El tema tiene su enjundia y bien merece la consideración que está teniendo. Los partidarios de la monarquía se dedican a hacer relación de los muchos beneficios del reinado de Don Juan Carlos. También ponen de manifiesto la neutralidad partidista con la que se han comportado Juan Carlos I y Felipe VI en el ejercicio de su alta magistratura y el triste balance que se colige de las dos repúblicas que se instauraron en España en 1873 y en 1931.

A una parte del monarquismo algunos prefieren llamarlo simplemente juancarlismo, estableciendo una especie de distinción entre la manera en que Juan Carlos I ejerció su función y lo que representa la propia monarquía parlamentaria. Un error porque, aunque es cierto que la firmeza democrática del Monarca -demostrada durante el 23-F- le hizo ganar muchos enteros a los ojos de los españoles, incluso de algunos republicanos, ello no fue más que la consecuencia de lo prescrito en nuestra Carta Magna que regula que el Rey debe “guardar y hacer guardar la Constitución y las leyes”.
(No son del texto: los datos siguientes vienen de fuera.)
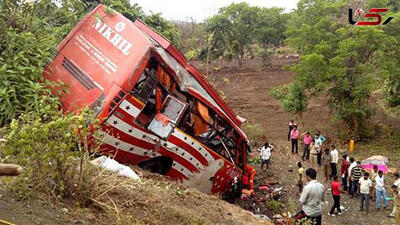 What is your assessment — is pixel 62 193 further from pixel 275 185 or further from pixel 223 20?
pixel 223 20

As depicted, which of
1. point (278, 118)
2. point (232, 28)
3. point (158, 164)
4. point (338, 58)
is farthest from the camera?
point (232, 28)

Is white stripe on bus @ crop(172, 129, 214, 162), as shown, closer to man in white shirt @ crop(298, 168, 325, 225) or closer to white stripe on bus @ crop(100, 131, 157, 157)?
white stripe on bus @ crop(100, 131, 157, 157)

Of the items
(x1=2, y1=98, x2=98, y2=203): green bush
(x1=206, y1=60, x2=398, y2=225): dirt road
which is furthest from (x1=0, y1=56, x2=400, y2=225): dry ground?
(x1=2, y1=98, x2=98, y2=203): green bush

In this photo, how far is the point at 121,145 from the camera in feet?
20.8

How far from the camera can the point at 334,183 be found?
27.5 feet

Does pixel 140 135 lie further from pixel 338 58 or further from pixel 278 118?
pixel 278 118

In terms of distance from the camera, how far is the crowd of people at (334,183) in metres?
5.64

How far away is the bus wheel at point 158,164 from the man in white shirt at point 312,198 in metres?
2.42

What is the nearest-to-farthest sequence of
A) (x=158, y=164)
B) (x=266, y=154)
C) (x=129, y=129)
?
(x=129, y=129)
(x=158, y=164)
(x=266, y=154)

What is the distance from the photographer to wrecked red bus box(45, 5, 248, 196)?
6168 mm

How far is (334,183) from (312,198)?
3061mm

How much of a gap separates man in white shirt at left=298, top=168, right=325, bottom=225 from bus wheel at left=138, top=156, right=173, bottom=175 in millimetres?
2420

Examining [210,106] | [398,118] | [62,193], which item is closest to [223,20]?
[398,118]

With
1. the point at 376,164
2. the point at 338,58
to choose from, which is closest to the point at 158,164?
the point at 376,164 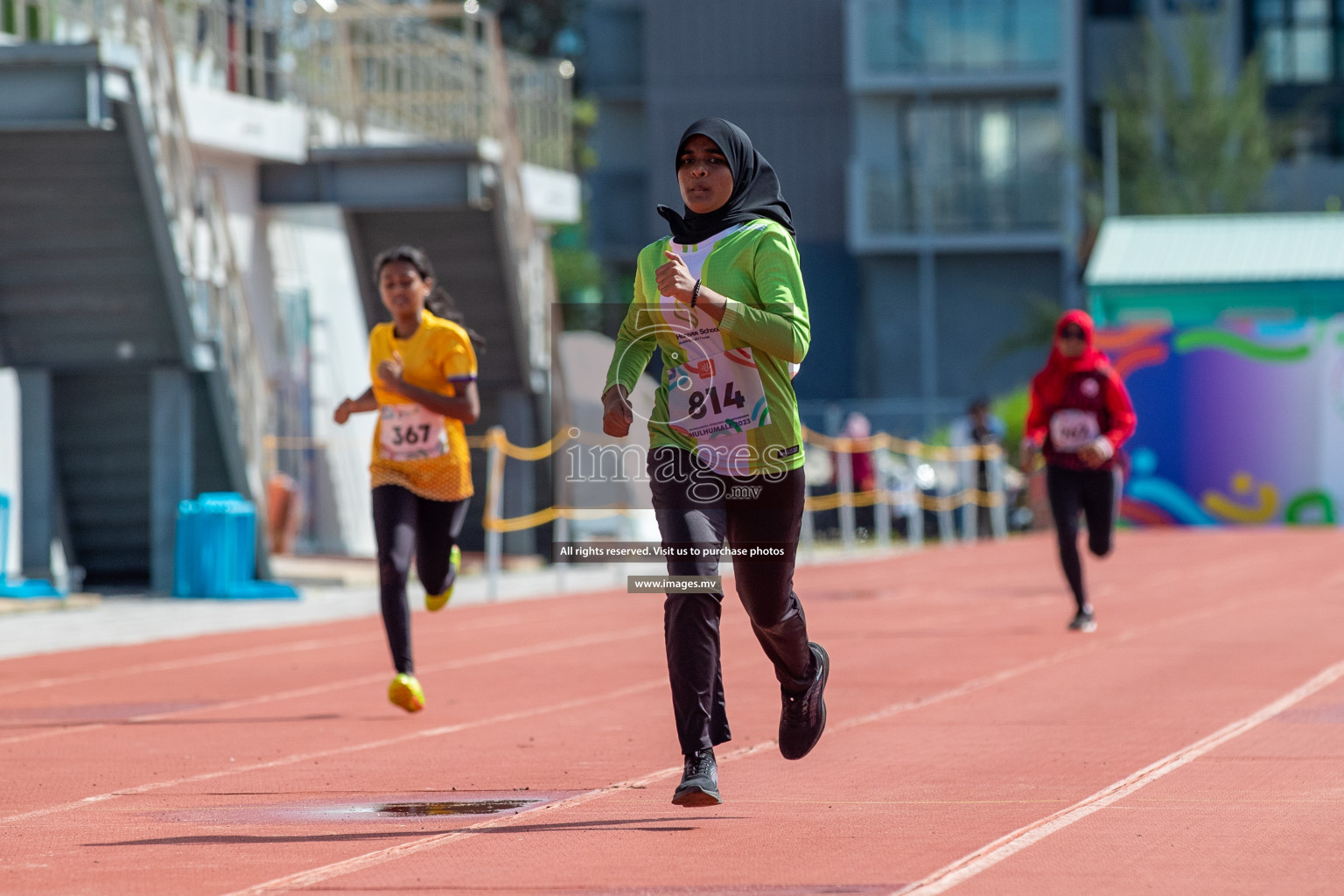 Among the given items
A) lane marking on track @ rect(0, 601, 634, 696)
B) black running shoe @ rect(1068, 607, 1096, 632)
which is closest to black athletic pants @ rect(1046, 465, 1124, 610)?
black running shoe @ rect(1068, 607, 1096, 632)

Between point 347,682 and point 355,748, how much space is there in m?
2.91

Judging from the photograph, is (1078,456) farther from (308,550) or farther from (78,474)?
(308,550)

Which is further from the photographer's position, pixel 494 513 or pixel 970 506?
pixel 970 506

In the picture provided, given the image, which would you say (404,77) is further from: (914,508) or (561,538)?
(914,508)

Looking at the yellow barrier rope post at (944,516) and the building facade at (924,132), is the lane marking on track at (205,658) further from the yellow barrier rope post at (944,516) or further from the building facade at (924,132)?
the building facade at (924,132)

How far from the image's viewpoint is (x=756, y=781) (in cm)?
760

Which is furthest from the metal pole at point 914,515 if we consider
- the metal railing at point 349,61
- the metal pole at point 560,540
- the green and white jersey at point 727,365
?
the green and white jersey at point 727,365

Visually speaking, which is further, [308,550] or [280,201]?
[308,550]

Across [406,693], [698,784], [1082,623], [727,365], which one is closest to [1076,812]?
[698,784]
Resulta muy saludable que se debata sobre formas políticas del Estado, pero acaso sea tan importante o más lo que queremos que sea España durante las próximas décadas. Sostenía Renan que “la nación es un plebiscito cotidiano”. No estoy completamente de acuerdo, me inclino más hacia lo que nos propuso Ortega: “No puede haber nación sin un proyecto sugestivo de vida en común”.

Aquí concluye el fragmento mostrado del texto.